Exercise directions -
Give back every entry exactly; drop the pictures.

Dataset entries -
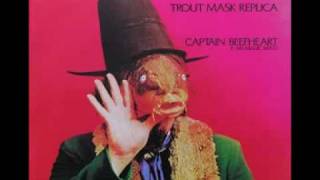 Captain Beefheart And His Magic Band - Pena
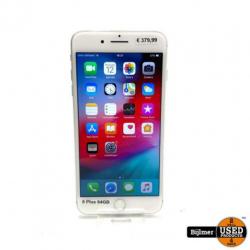 iPhone 8 Plus 64GB Silver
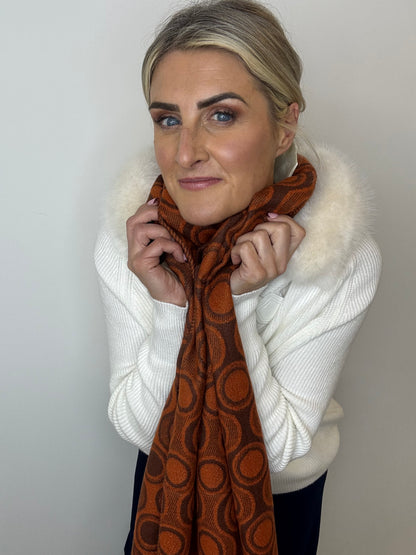 Zafira Scarf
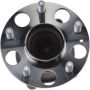 Autopart International Wheel Hub Assembly 1411583300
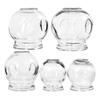Chenye Thickened Glass Fire Cupping Set – Beauty & Household Therapy Jars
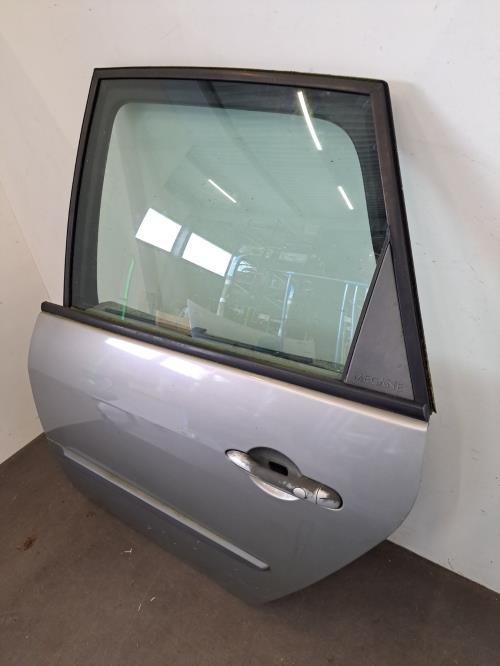 Image Porte arriere gauche - RENAULT GRAND SCENIC 2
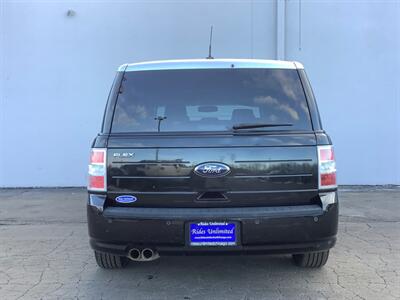 2011 Ford Flex SE   - Photo 6 - Crest Hill, IL 60403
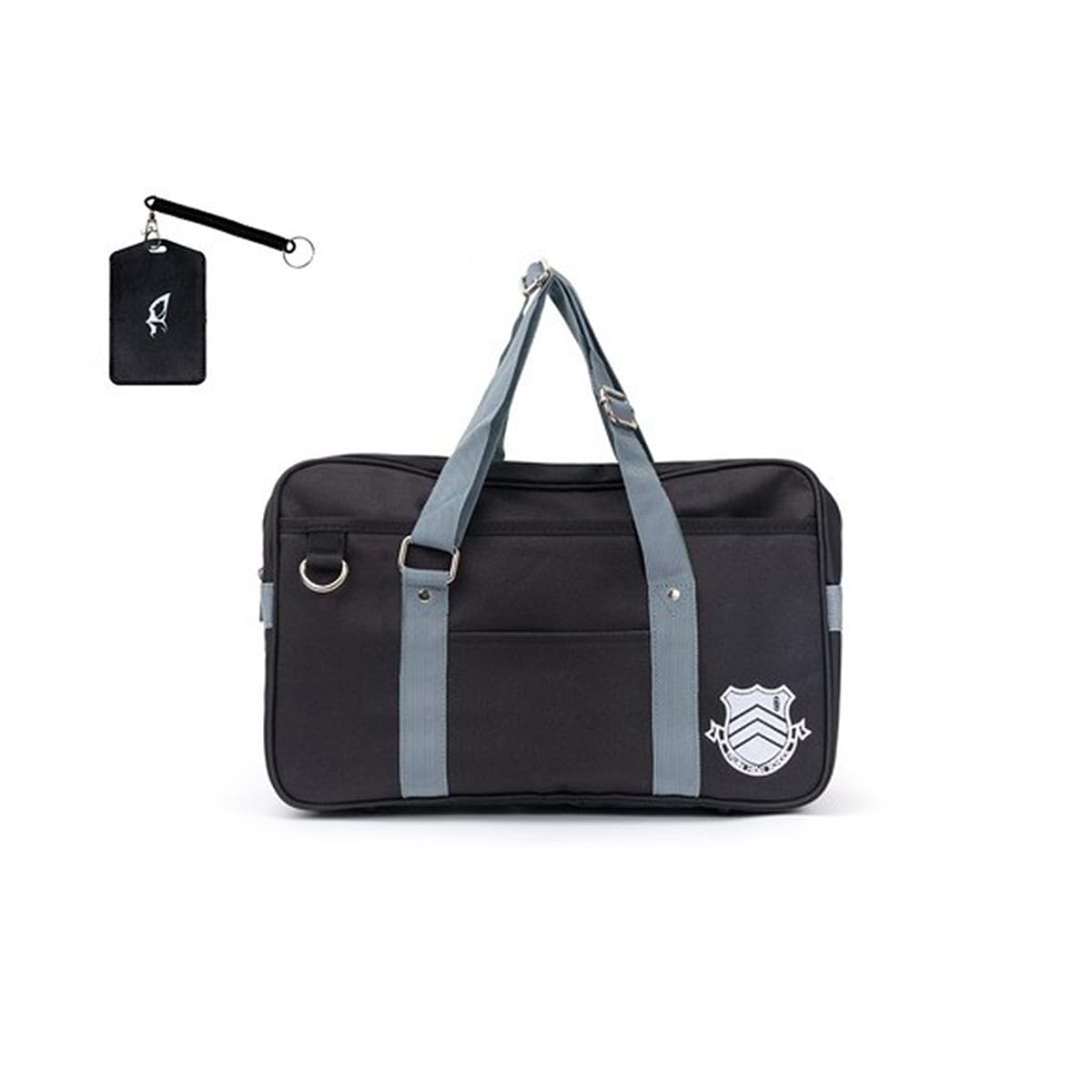 Amazon.co.jp: ペルソナ5 雨宮蓮 バックパック 秀尽学園 来栖暁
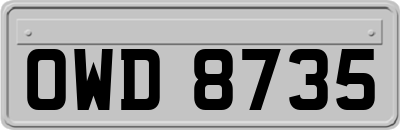 OWD8735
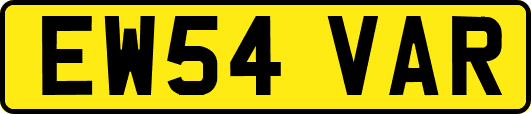 EW54VAR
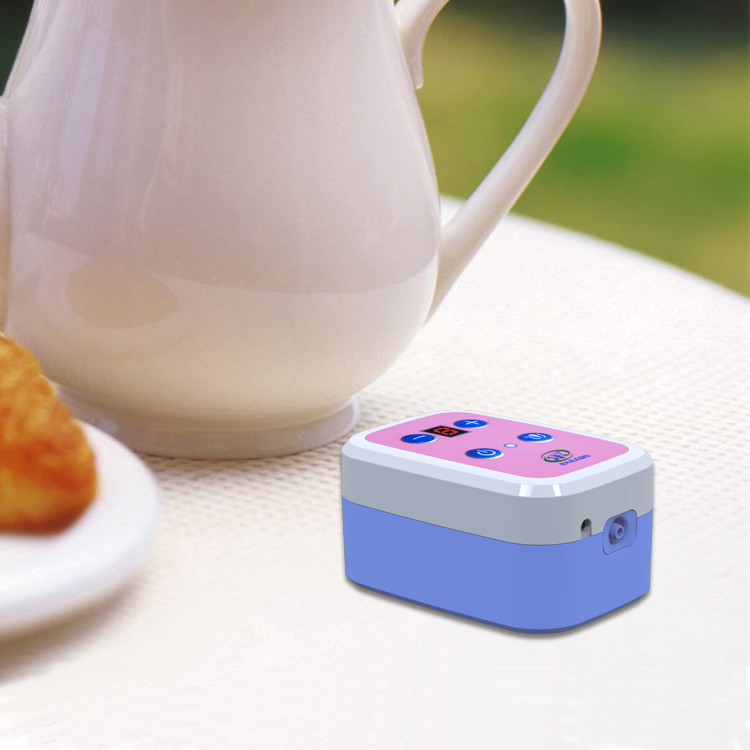 吸奶器 百樂(lè)親吸奶器可定制 廣東深圳吸奶器廠家 電動(dòng)吸奶器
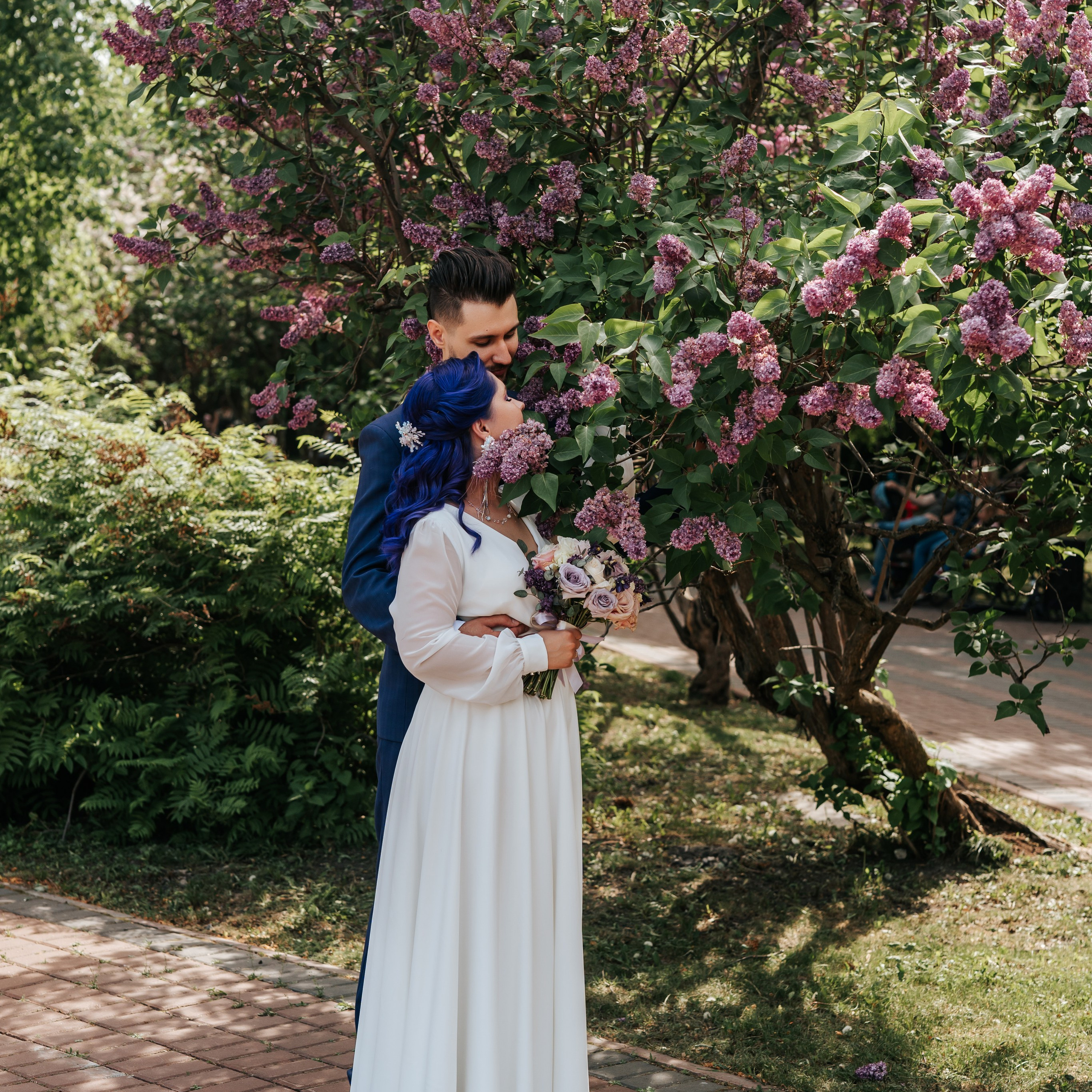 Свадьба. Фотограф Спирина Ирина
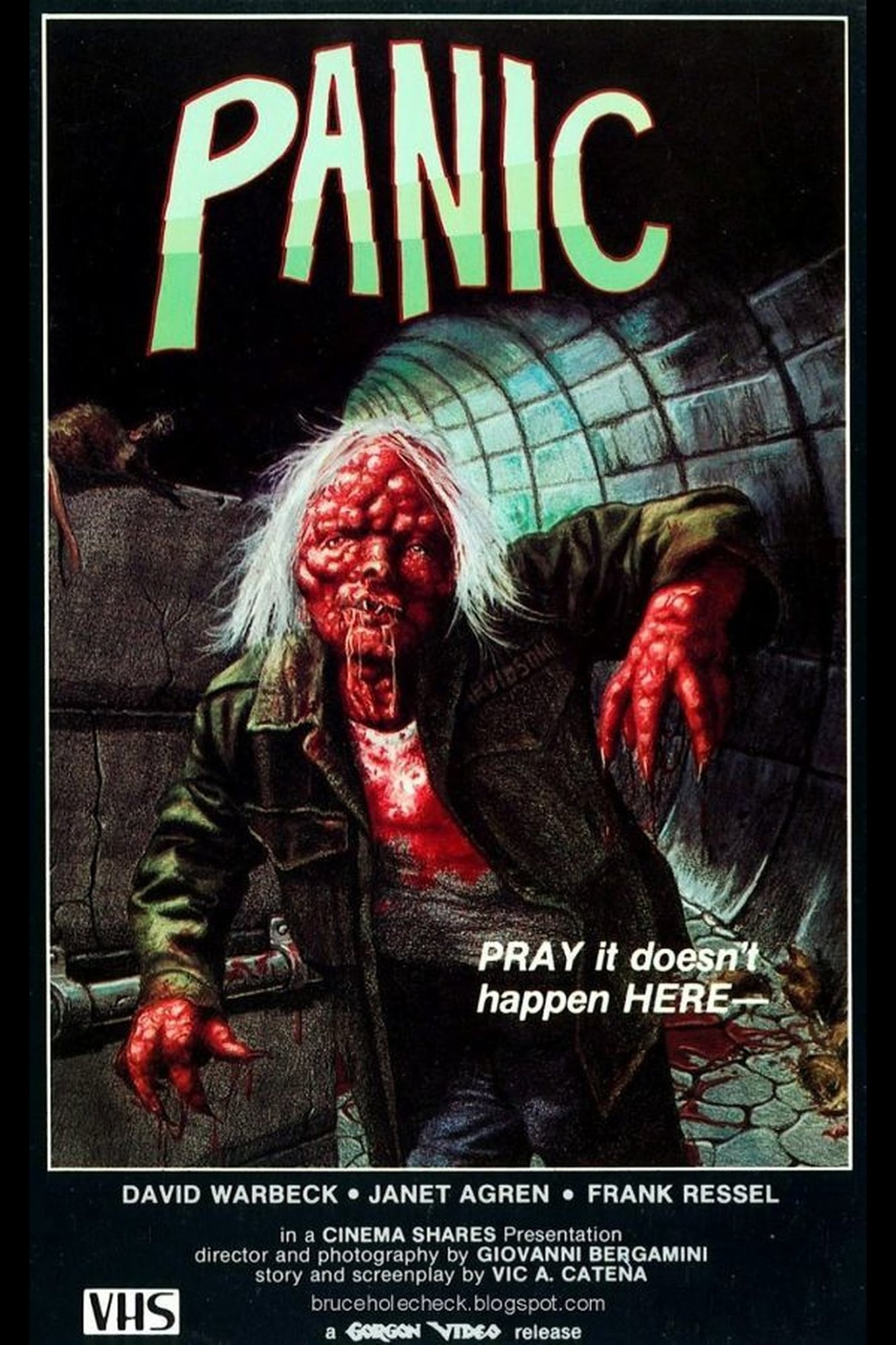 Panic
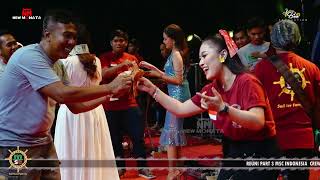 Download lagu SURGA DALAM DOSA - NEW MONATA | MSC Indonesian Crew Members 3nd Anniversary mp3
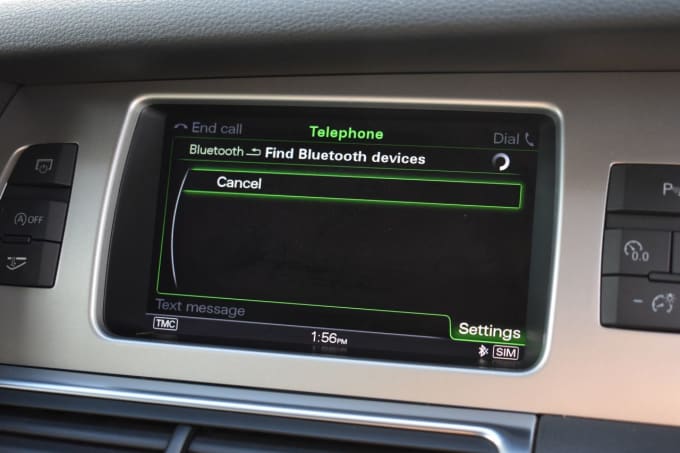 2025 Audi Q7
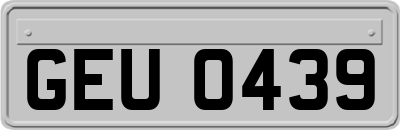 GEU0439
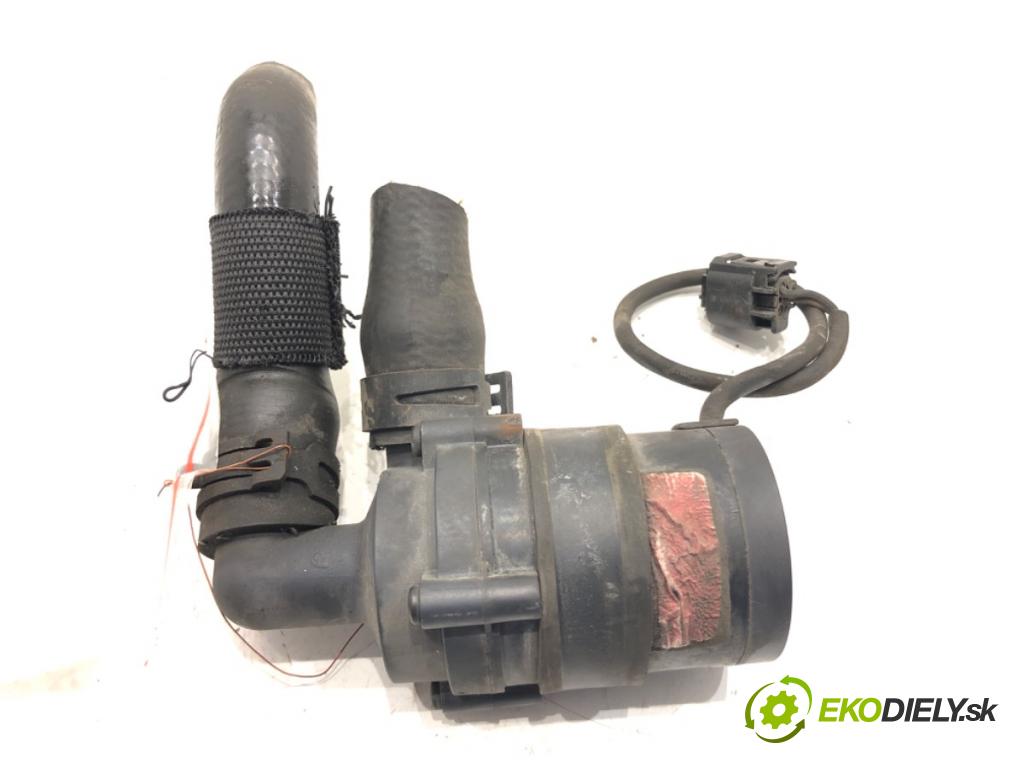 VW TOURAN (1T1, 1T2) 2003 - 2010    1.9 TDI 74 kW [100 KM] olej napędowy 2003 - 2004  DALŠÍ: pumpa vody  (Vodní pumpy)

Exercise solution -
 Captain Beefheart And His Magic Band - Pena
 iPhone 8 Plus 64GB Silver
 Zafira Scarf
 Autopart International Wheel Hub Assembly 1411583300
Chenye Thickened Glass Fire Cupping Set – Beauty & Household Therapy Jars
 Image Porte arriere gauche - RENAULT GRAND SCENIC 2
 2011 Ford Flex SE   - Photo 6 - Crest Hill, IL 60403
 Amazon.co.jp: ペルソナ5 雨宮蓮 バックパック 秀尽学園 来栖暁
 OWD8735
 EW54VAR
 吸奶器 百樂(lè)親吸奶器可定制 廣東深圳吸奶器廠家 電動(dòng)吸奶器
 Свадьба. Фотограф Спирина Ирина
 Panic
 Download lagu SURGA DALAM DOSA - NEW MONATA | MSC Indonesian Crew Members 3nd Anniversary mp3
 2025 Audi Q7
 GEU0439
 VW TOURAN (1T1, 1T2) 2003 - 2010    1.9 TDI 74 kW [100 KM] olej napędowy 2003 - 2004  DALŠÍ: pumpa vody  (Vodní pumpy)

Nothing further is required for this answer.